Up at 5, we headed out on a smaller paddles boat, we silently slipped up smaller canals past early morning fisherman. We saw lots of bird life from kingfishers to eagles, plenty of tracks on the backs of otters and deer but not much else. It was still enjoyable to watch the jungle wake up. Then breakfast and the trip back to the main town before heading north to Bagerhat. Badgerhat has several Important Islamic sites mostly built by Khan Jahan Ali who is revered in the area for increasing the presence of Islam. The main mosque being the Sixty domed Mosque (it actually has 81 domes) which is a beautiful, yet simple building set out next to a lake.
Back in Khulna in the evening we had a chat with Johnny the tour guide and owner of the tourist agency. We had enjoyed our time with him and he was obviously passionate about what he does. He asked Andrea and I to stay for a couple days and help him make a small video to promote his business, and he would in turn sponsor us to stay and show us round the local area. Since we were kind of stumped in what else to do in Bangladesh and were considering just heading back to India this sounded perfect.
We spent the following 3 days running around in cars, motorbikes, rickshaws, and tuk tuks going all over the Khulna district seeing lots of Things most tourists don’t get to see.

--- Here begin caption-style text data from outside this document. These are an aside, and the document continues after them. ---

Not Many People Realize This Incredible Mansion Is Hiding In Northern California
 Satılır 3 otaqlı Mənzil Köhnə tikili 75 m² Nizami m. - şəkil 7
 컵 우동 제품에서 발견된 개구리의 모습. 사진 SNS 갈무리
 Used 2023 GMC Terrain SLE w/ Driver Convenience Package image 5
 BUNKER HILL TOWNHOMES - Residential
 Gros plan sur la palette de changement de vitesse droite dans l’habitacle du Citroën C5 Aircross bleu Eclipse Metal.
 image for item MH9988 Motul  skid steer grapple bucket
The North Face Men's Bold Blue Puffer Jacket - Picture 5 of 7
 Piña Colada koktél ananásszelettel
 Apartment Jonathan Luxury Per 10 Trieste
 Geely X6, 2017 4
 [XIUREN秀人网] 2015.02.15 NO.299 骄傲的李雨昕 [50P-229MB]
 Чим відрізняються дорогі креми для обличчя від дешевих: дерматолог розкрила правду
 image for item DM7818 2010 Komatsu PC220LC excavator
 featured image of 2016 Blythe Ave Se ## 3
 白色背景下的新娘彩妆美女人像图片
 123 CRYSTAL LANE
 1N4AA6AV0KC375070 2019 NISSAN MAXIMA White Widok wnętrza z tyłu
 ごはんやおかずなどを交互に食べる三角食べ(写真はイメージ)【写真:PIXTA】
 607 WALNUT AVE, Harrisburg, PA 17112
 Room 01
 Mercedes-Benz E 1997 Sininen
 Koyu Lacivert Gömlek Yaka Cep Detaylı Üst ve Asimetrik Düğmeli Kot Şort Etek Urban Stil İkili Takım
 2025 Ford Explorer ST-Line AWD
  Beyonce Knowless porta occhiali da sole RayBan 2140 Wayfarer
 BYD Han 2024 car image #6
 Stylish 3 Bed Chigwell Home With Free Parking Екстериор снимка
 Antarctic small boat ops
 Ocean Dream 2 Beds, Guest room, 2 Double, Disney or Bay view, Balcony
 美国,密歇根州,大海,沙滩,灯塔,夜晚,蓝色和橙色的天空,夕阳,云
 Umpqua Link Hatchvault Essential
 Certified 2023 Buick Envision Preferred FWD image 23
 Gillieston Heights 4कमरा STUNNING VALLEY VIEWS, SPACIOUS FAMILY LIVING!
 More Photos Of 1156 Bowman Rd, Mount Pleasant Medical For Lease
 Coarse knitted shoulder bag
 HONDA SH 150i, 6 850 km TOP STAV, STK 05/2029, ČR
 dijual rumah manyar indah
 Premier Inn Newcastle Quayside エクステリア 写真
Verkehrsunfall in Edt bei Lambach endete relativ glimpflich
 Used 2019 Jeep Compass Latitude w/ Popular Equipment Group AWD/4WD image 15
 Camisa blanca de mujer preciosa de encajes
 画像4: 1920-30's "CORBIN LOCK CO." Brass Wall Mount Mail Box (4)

I played cricket in a village, visited a colonial railway office, and fruit and fish and seafood markets. The size of the shrimp here is crazy, we thought they were lobsters. Mosques, Hindu temples in small villages, river banks, farms, cafes, and bridges, we covered it all. The locals were overwhelmingly friendly and always smiled and were excited to see us since we were often in quite rural areas, they were always ready with a cup of tea.
We had one 22-hour day trying to see some sites more north, that was hard, and we were very glad for bed after that. The roads here are really bad, it took 5 hours to go 155km for instance. Johnny took amazing care of us though and we were thoroughly overfed the whole time. Culminating in a delicious seafood dinner at his friend’s house, where randomly of the 3 non-family picture pieces hanging on his wall was unbelievably a picture of the Empress Hotel in Victoria, BC, Canada, our home town. It is a funny small old world sometimes.
Setting off at 5:30am, Johnny was there making sure we got tickets and seats for the 6:00 train to Benapole, the border Town for India. The cool morning air kept the simple carriages comfortable, and it was a lovely green journey through the countryside. Bangladesh is a wet country, there are rivers, lakes, ponds everywhere. From man-made to natural, fish and shrimp ponds, rice paddies, and reservoirs. This will be my lasting impression of Bangladesh – green and water.
The train took just over 2 hours to do the journey (would have been 6 in a car), then it was a quick rickshaw to the border. The standard lines, stamps, questions and selfies and we were back in India for the third and final time of the trip. We spent a quiet night in Kolkata before boarding our overnight train north to New Jalpaiguri, our gateway to Darjeeling.